Cluster Classification of Hand Lesions
Using hierarchical clustering, hand lesions were categorized into 4 subtypes: focal/scattered (46.4%), distal digit (31.4%), universal (12.9%), and proximal digit (9.2%). The focal/scattered type was most common, especially in children, while the distal digit pattern—marked by periungual involvement—emerged as a distinct and diagnostically useful subtype. The universal subtype exhibited widespread dorsal hand involvement, poor treatment response, and frequent signs of disease activity. The proximal digit pattern, though least common, demonstrated unique characteristics with a higher frequency of dorsal hand involvement and earlier onset.
Smoking, Age, and Disease Progression
The study explored the role of smoking in lesion severity. Smokers exhibited significantly higher distal digit scores in univariate analysis; however, after adjustment for confounders through multivariate ANCOVA and LASSO regression, smoking was not an independent predictor. Instead, disease duration emerged as the strongest predictor of lesion severity. Notably, stratified analyses showed a significant association between smoking and distal digit involvement in patients younger than 56, suggesting age-related immune modulation may influence susceptibility.
Clinical Course and Treatment Implications
Follow-up data from 86 patients revealed progressive spreading of lesions, especially to the distal digits and interdigital areas, over an average of 2.3 years. Importantly, researchers noted lesions on the digits showed more deterioration compared to the non-digital hand areas.

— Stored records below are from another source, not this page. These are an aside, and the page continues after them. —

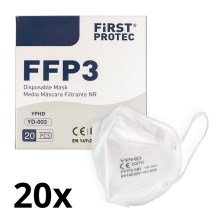 Protective equipment - Máscara FFP3 NR CE 0370 20pcs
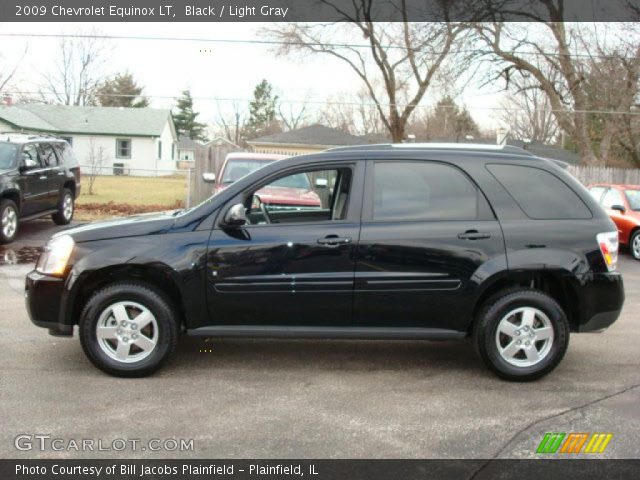 2009 Chevrolet Equinox LT in Black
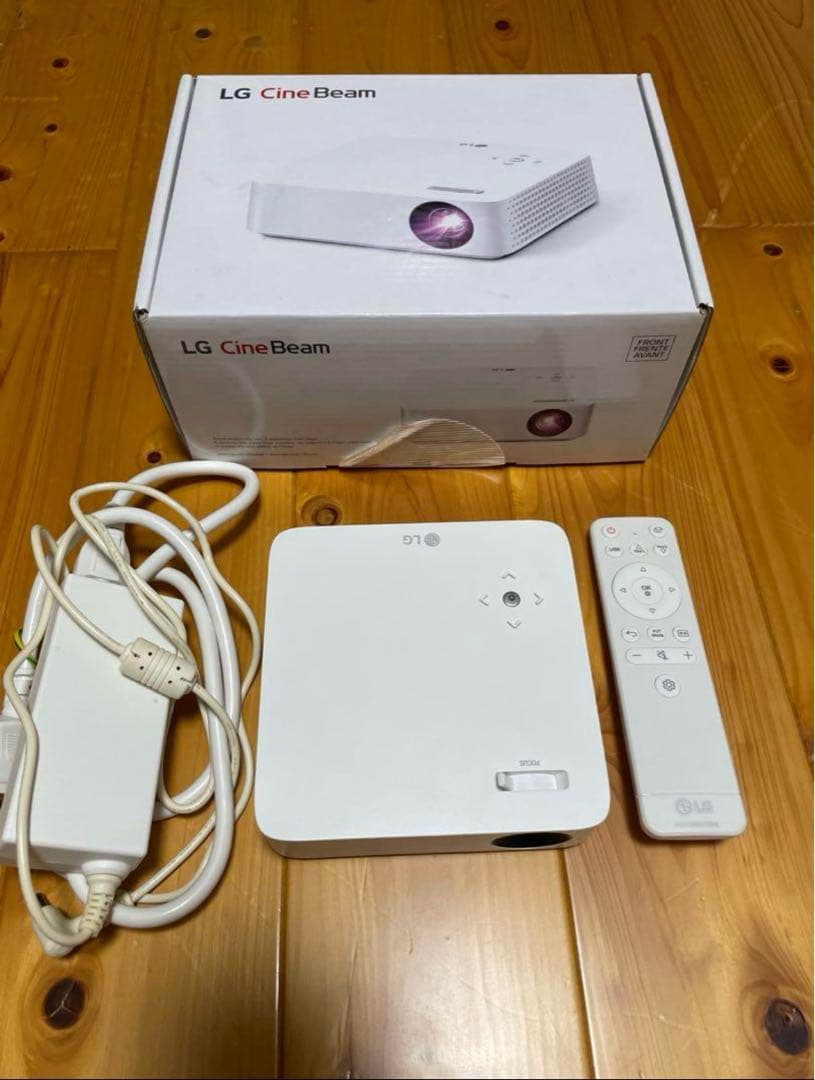 LG CINE BEAM PH30N　モバイル・プロジェクター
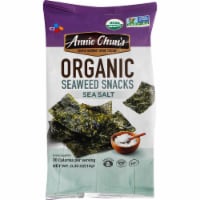 Annie Chun's Organic Sea Salt Seaweed Snacks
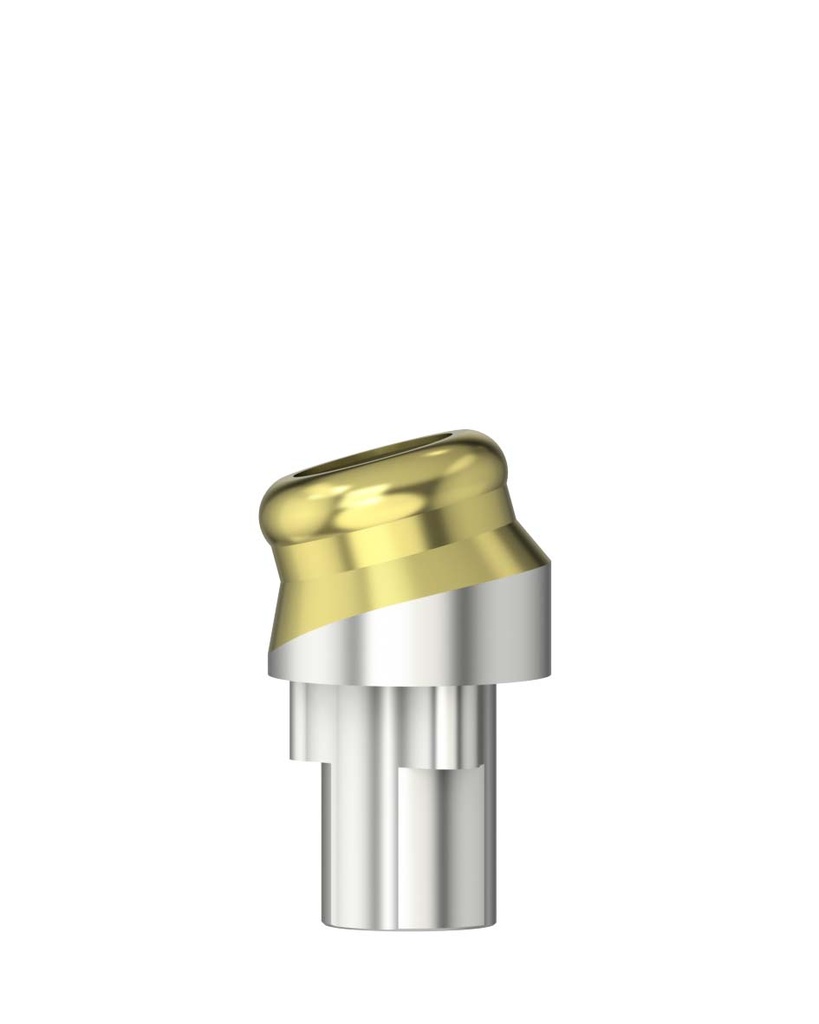 MedentiLOC Abutment Ø 4,3 mm GH 1,0 mm Typ 2 Angled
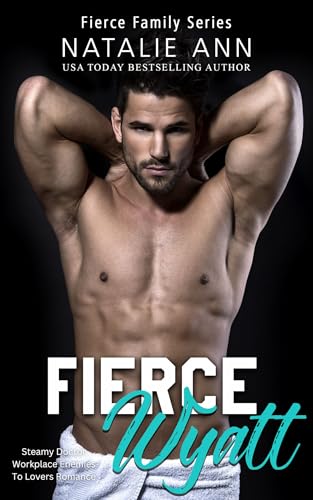 Fierce-Wyatt book cover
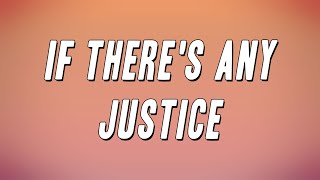 Lemar - If There&#39;s Any Justice (Lyrics)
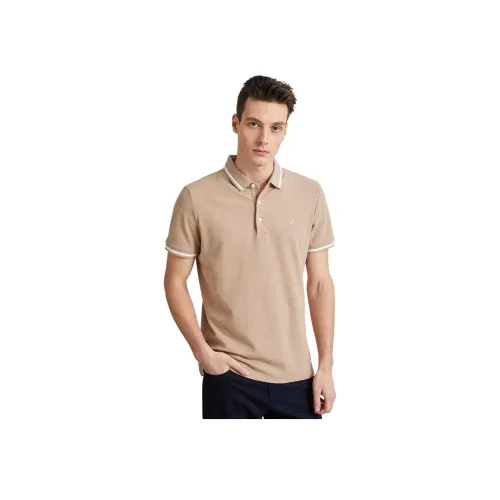 DANIEL HECHTER Khaki Мужская Поло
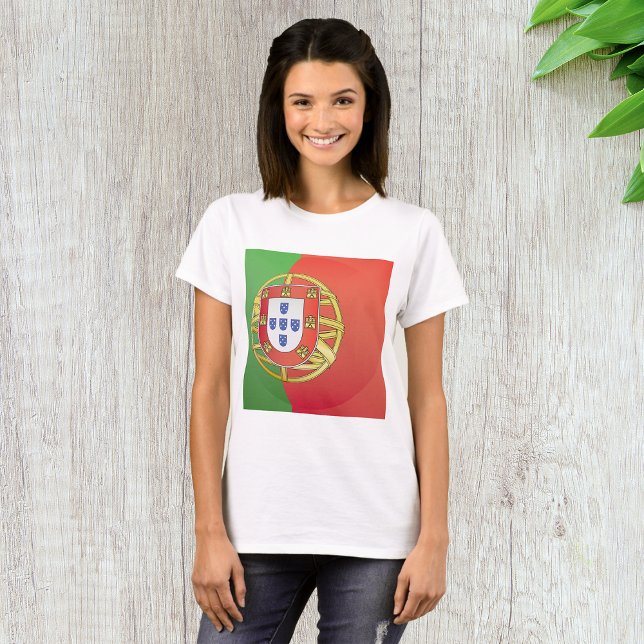 Portugal Crest T-Shirt (Creator Uploaded)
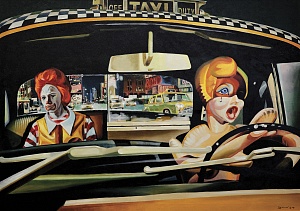 «I'm just a clown, you are just a doll», 2009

Treatment strategies used during follow-up were heterogeneous, reflecting real-world practices including topical corticosteroids, calcineurin inhibitors, phototherapy, and systemic corticosteroids. However, overall responsiveness of hand lesions—especially those on the digits—remained poor, consistent with existing literature that places acral sites among the least responsive to conventional treatment.
Potential Immunological and Anatomical Mechanisms
Emerging evidence suggests that anatomical differences, such as fibroblast-derived chemokine signaling and localized immune activation, may contribute to site-specific responses. Fibroblasts from dorsal hands may actively recruit cytotoxic CD8+ T cells, the study noted, sustaining inflammation and impeding repigmentation. Moreover, CD49a+ tissue-resident memory T cells may resist immunosuppressive therapy, contributing to disease persistence in acral regions.
Limitations and Future Directions
The study's retrospective, single-center design and limited sample sizes for certain subgroups restrict generalizability. Lack of standardized treatment protocols and incomplete data on smoking status further limit conclusions. However, researchers felt the proposed classification system of hand vitiligo subtypes offers a framework for future prospective studies and therapeutic stratification.
Conclusion
This study provides important insights into the anatomical distribution and clinical behavior of hand vitiligo in patients with NSV. By identifying distinct distribution subtypes and their association with disease progression, dominance, and environmental factors, the research underscores the importance of individualized treatment approaches. Recognizing these subtypes may help refine prognosis, guide therapeutic decisions, and identify patients who may benefit from emerging therapies, including JAK inhibitors and targeted phototherapy. Researchers stated future multicenter and longitudinal studies are warranted to validate these findings and optimize care for patients affected by this difficult-to-treat manifestation of vitiligo.